Abstract
1. The α1-adrenoceptor antagonist indoramin is rapidly and extensively absorbed after oral administration, but with only low to moderate bioavailability (8-24% median) from the tablet (Baratol®). Although plasma protein binding is high (72-86%), the drug is widely distributed into tissues (with median Vz 6.3.7.71/kg after i.v. dosage).
2. Elimination of indoramin is rapid in most healthy volunteers, with median plasma clearances of 18-26ml/min per kg, after i.v. dosage. Elimination occurs principally by metabolism, the major route being indole 6-hydroxylation, followed by sulphate conjugation of 6-hydroxyindoramin. The faecal route of excretion predominates (45-50% of dose), with a further 35-40% in the urine.
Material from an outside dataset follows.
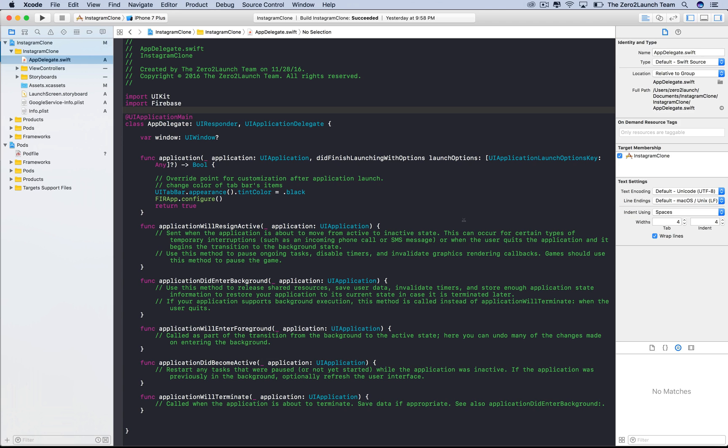Hi everyone! In the last lecture, we learned how to install Firebase and integrate it into our app. In this lecture, we'll learn to do user authentication with Firebase.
3. Extensive variation in single-dose oral pharmacokinetics of indoramin is due largely to the existence of a poor metabolizer phenotype which co-segregates with that of debrisoquine.
4. On repeated administration (37.5 mg twice daily) to healthy volunteers, plasma concentrations of indoramin accumulate 3-4-fold above those anticipated from single-dose kinetics. However, steady state is achieved within the first week of dosing.
5. The pharmacokinetics of indoramin are substantially altered in the elderly. The oral AUC for a 50mg dose is increased approx. 5-fold and the t1/2 2-5-fold.
6. Cirrhotic liver disease enhances bioavailability and decreases clearance, approx. 2-fold in each case for single oral and i.v. doses of 50mg and 0.15mg/kg respectively.
7. After oral indoramin Cmax and AUC are both raised (58% and 25%, respectively, for a 50 mg dose) by co-ingested ethanol (0.5 g/kg). After i.v. indoramin, kinetics are unaffected by alcohol, but indoramin (0.175 mg/kg) slightly increases (26%) blood ethanol concentrations during the first hour after dosing.
8. The pharmacodynamics of indoramin appear to be related to the combined pharmacokinetics of the drug and its 6-hydroxylated metabolite, which contributes to the antihypertensive effect.